Kicking around in the mental health system, as many adult Aspies have, can and does do its own type of damage and has for many adults only added insult to injury. Most adults who are diagnosed with AS, no matter what process they have to work through in understanding and self-acceptance, find the diagnosis a meaningful revelation in their lives. Substantial enough in scope, is this diagnosis, that it can mean the difference between a life of self-recrimination, self-loathing, self-hatred, isolation, alienation, or an increased understanding of self that enables those diagnosed with AS to make much more sense out of their lives and experiences.

This leads to a much greater chance for self-acceptance, self-worth, self-love and esteem. With this insight and understanding as to why socialization, communication and relating are often so challenging adults with AS can learn to "join in", learn to feel less alienated as they learn new and different coping strategies that allow them to compensate for the areas in relating that can make life very difficult and lonely.

Inherent in each of most of us is a desire to love and be loved. Connection is just as vital for an adult with Asperger's as it is for those who are Neuro-Typical (NT) and don't have Asperger's. It may not look the same as most NT's desire for, or ways of, connecting. Those with Asperger's also have a wide range of emotions. What is substantially different from the feelings of NT's is the compromised ability to express those emotions.

The parents of children diagnosed with Asperger's now, are able to find support and services for their kids that can teach the Aspie Kids a lot of skills and compensatory strategies that most adult Aspies have not had a chance to learn or have any support around.

To come to a diagnosis of Asperger's Syndrome in adulthood, as I did, at the age of 40, can initially be both a relief and a nightmare. The relief, as I experienced it, had all to do with finally understanding so much about all that was so difficult and painful in my life.

The nightmare was the process it took to integrate how much I had suffered without an understanding of why I had been so alone (always felt different) most of my life and why trying to relate to others or be social was extremely difficult most of the time, if not impossible, for me at other times.

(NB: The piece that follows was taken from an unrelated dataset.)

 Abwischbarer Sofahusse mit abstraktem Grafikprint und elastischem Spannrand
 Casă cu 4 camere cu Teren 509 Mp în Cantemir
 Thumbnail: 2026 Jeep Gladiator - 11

Without any understanding of what was really behind most of my relational difficulties I was left to feel, time and time again, like I was "less than", like a failure. I experienced this as being "unlikable and unlovable" Feeling this way lead me to feel very alienated. I had spent most of my life frantically searching for what was "wrong" with me. My family, peers, and society at large gave me endless messages that I was not okay.

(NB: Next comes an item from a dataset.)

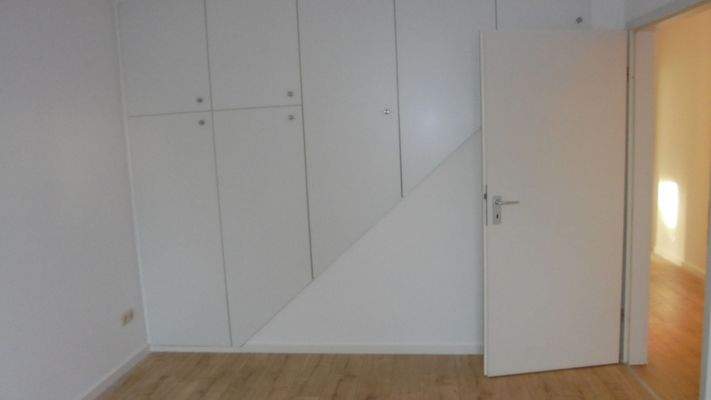 mit hellen Einbauschränken.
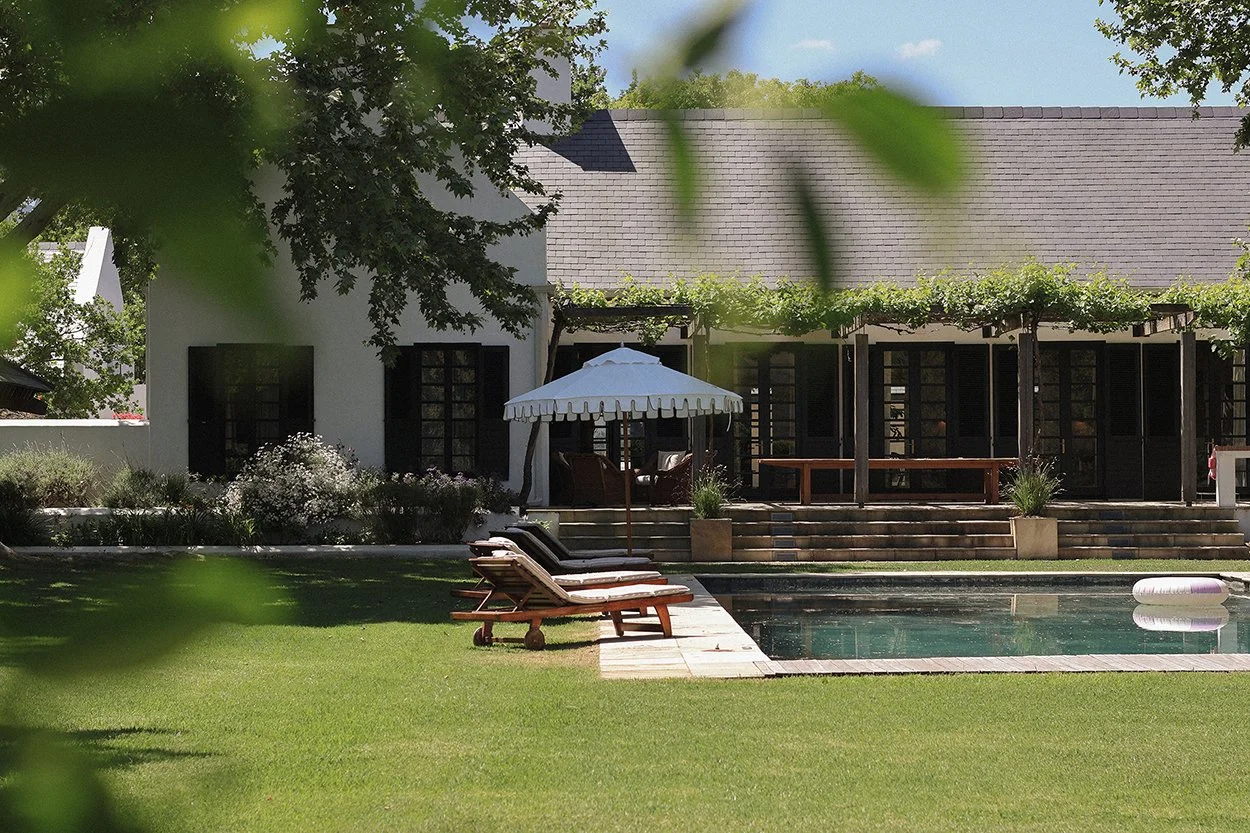 The farmhouse and pool lawn at Nieuwe Sion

Not understanding this very pervasive aspect of myself left me unable to really understand who I was. Without this knowledge of my "self" I was lost and in a great deal of pain for much of my first 40 years of life. Not knowing why I was the way I was, the way that I am, still, caused me to try to be whatever others told me I "should" be. This was torture. This is the epitome of being lost. I was alienated from my very self by the expectations and judgments of others.

My lack of being "what others expected me to be" along with my lack of knowing what others have always expected that I "should" know based upon my age or intelligence was literally crazy-making.

I will be sharing a lot more of my personal experience here in future articles.

I am still in the process of evolving as I continue to attempt to reach the kind of self-acceptance that allows for consistent hope and optimism and a meaningful personal peace.